Requirement: Copy out exactly the stretch below, from the line with "imagem de FRALDA" through the line with "Picture of Chiffon", both included; the pictures stay out.

Dataset records:

__________

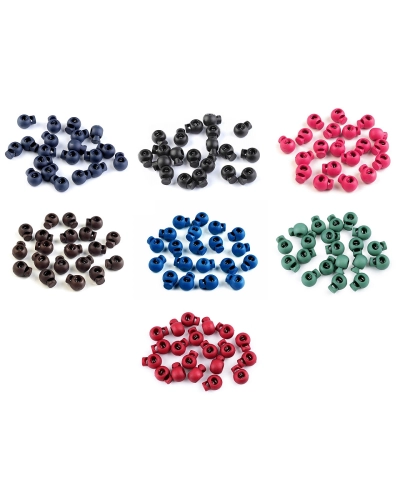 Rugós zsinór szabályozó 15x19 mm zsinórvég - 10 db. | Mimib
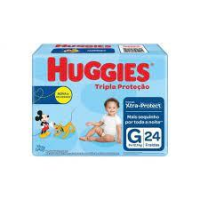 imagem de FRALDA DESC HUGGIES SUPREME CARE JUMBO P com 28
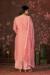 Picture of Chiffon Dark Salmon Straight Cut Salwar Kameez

__________

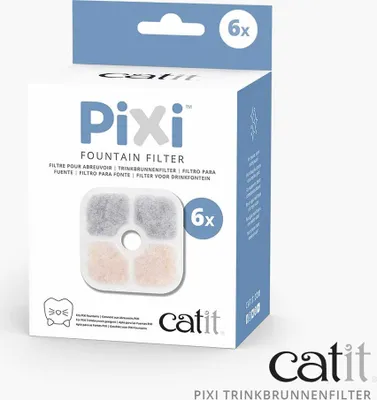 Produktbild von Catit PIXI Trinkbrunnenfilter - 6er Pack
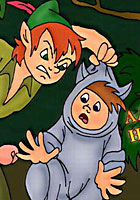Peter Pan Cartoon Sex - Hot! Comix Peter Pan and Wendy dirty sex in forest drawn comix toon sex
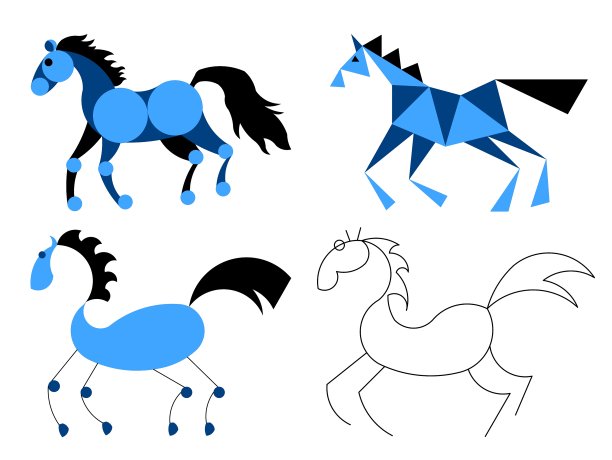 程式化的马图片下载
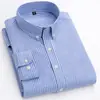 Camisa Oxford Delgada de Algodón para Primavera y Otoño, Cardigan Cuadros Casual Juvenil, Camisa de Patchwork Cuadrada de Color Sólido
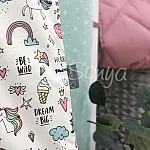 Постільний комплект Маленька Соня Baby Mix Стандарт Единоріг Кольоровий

__________

Written response:
 imagem de FRALDA DESC HUGGIES SUPREME CARE JUMBO P com 28
 Picture of Chiffon Dark Salmon Straight Cut Salwar Kameez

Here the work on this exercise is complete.